Article 102 § 2 provides that motions and requests should be examined and decided upon immediately after their submission, unless another procedure is envisaged by the present code. The examination of a motion can be postponed by the body conducting the criminal proceedings until the clarification of circumstances important for taking a decision on the motion.

COMPLAINTS

The applicant complains under Article 5 § 3 of the Convention that his detention was unreasonably long due to circumstances beyond his control. In particular, the Regional Court often delayed the examination of motions and postponed hearings without proper reasons. He further complains under the same provision that the domestic courts failed to provide relevant and sufficient reasons for his continued detention and that his right to be released pending trial was violated because of the unreasoned refusal to release him on bail.

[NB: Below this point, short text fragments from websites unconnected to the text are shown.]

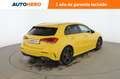 Mercedes-Benz A 200 d Amarillo - thumbnail 6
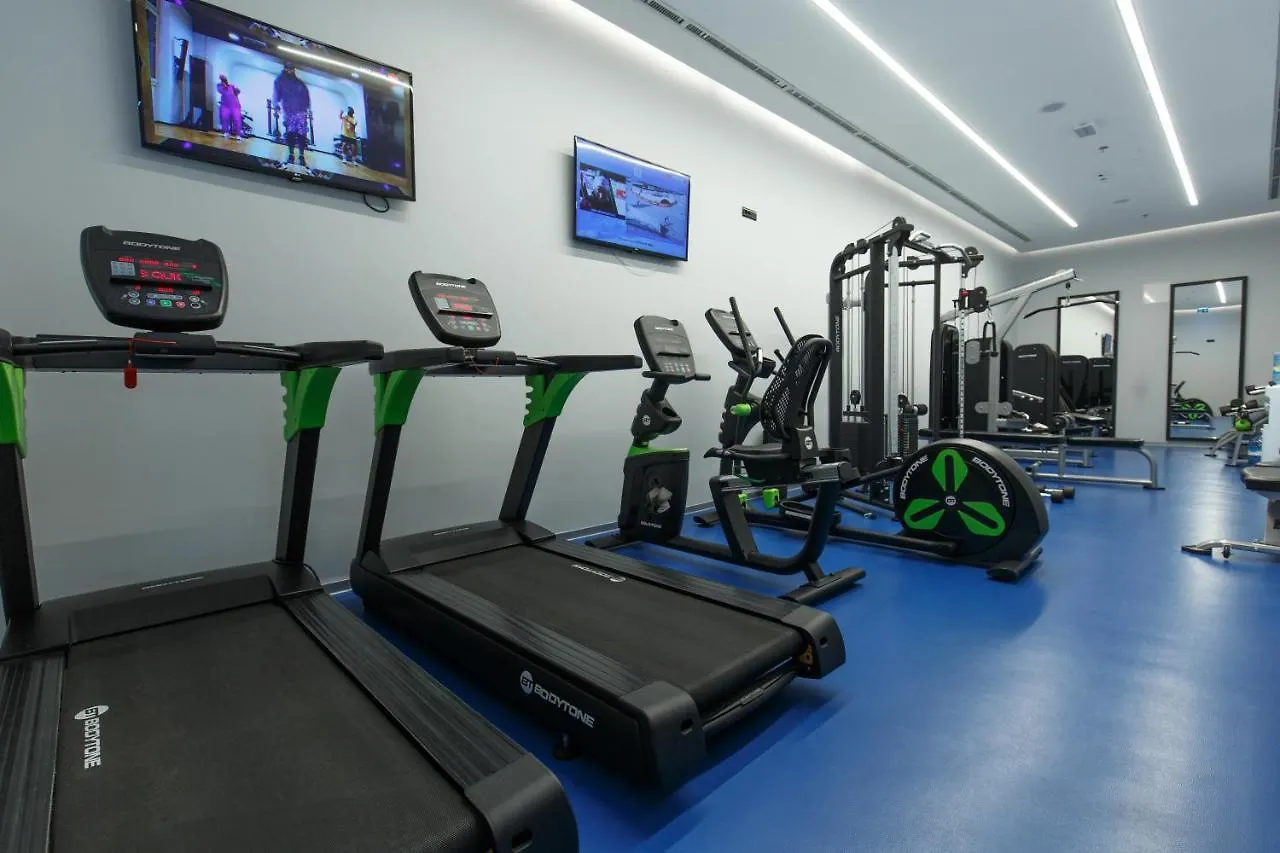 Marvie Hotel & Health Split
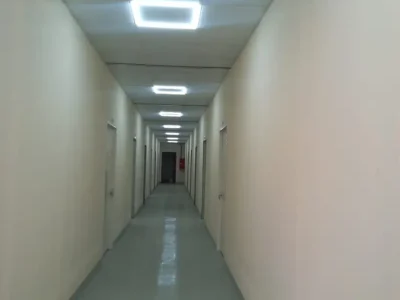 CONTAINER STORAGE SPACE IN AL QOUZ
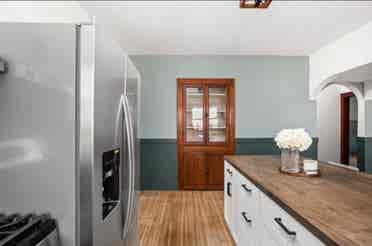 Charming & Recently Renovated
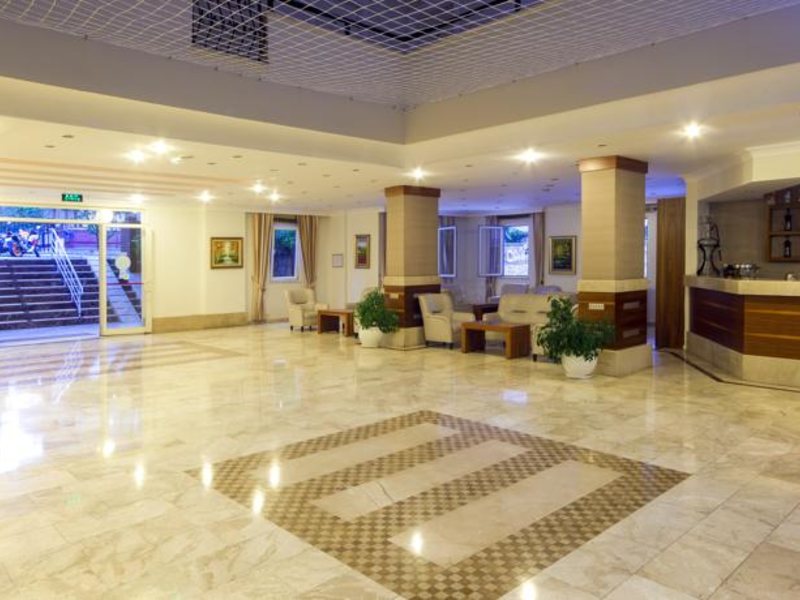 Club Big Blue Suit Hotel 146170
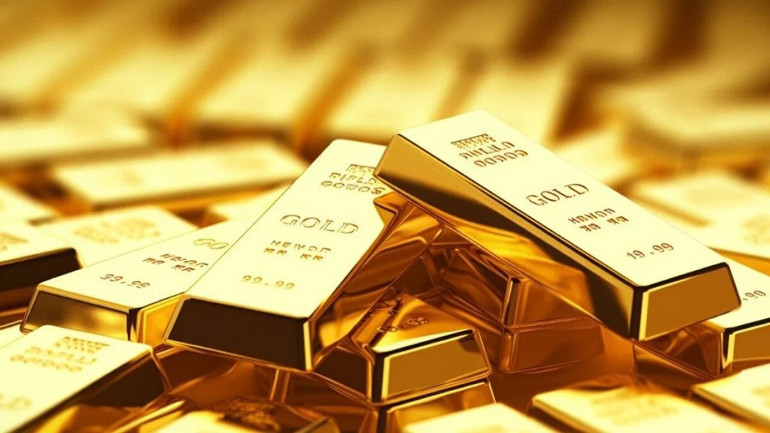 Dev Bankadan Yeni Rekor Tahmini: Altında Yükseliş Trendi Neden Devam Ediyor? resim: 0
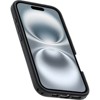 OtterBox Apple iPhone 16 Symmetry Series for MagSafe Case - Black - image 3 of 4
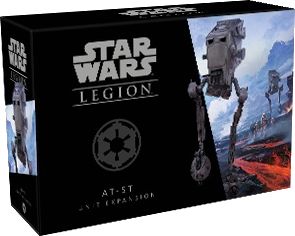 Star Wars: Legion - AT-ST Unit Expansion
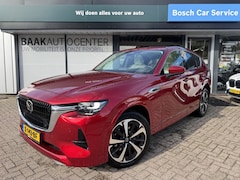 Mazda CX-60 - 2.5 PHEV Takumi | CS & DA Pack | Panoramadak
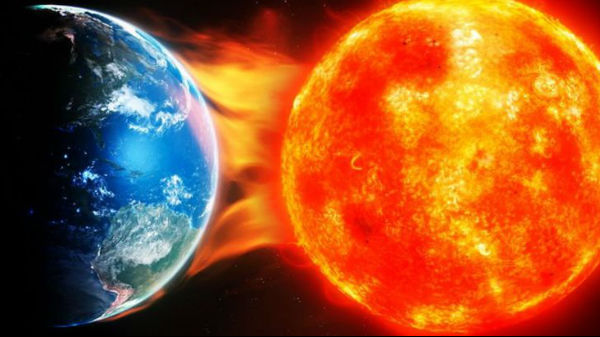 சூரிய புயலினால் மக்களுக்கு ஏதேனும் பாதிப்பு ஏற்பட வாய்ப்புள்ளதா? 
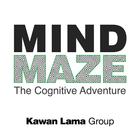 Mind Maze : Cognitive Test biểu tượng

The applicant complains under Article 5 § 4 of the Convention that his motion of 30 October 2012 was not speedily examined.

QUESTIONS TO THE PARTIES

1. Did the applicant exhaust the domestic remedies available to him in respect of his complaints under Article 5 § 3, as required by Article 35 § 1 of the Convention?

If so, did the applicant ’ s pre-trial detention comply with the “reasonable time” requirement and the requirement that the domestic courts provide “relevant” and “sufficient” reasons for it, as required by Article 5 § 3 of the Convention?

2. Did the length of the proceedings in the present case, by which the applicant sought to challenge the lawfulness of his detention, comply with the “speed” requirement of Article 5 § 4 of the Convention in view of the fact that the applicant ’ s motion of 30 October 2012 was examined by the Armavir Regional Court on 10 April 2013?

The Government are requested to provide a copy of the conclusion of the internal police investigation carried out in the course of the criminal proceedings against the applicant.